Listed entries —

-- Opening Marker --

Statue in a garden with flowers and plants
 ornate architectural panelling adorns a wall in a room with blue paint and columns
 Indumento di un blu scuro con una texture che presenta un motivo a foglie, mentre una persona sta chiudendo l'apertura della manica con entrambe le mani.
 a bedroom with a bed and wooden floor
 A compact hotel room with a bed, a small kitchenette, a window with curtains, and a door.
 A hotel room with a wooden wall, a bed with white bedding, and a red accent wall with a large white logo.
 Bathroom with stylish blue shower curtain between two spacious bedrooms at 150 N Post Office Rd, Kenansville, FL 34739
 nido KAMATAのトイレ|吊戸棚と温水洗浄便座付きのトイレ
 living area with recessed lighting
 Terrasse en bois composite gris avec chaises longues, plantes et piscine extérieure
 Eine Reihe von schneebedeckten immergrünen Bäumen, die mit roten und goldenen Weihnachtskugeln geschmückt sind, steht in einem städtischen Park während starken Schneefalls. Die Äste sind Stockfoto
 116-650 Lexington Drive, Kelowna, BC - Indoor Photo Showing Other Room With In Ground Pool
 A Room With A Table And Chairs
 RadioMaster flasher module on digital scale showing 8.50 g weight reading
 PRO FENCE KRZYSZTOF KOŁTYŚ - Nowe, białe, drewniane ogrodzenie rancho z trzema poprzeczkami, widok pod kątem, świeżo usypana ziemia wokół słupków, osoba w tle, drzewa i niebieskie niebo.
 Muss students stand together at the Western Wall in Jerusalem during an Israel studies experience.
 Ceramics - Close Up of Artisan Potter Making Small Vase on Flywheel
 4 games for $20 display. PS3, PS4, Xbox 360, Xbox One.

-- Closing Marker --

The task — In the material above, how many lines include the string "hotel"? Please reply with the number only.

Answer space — 2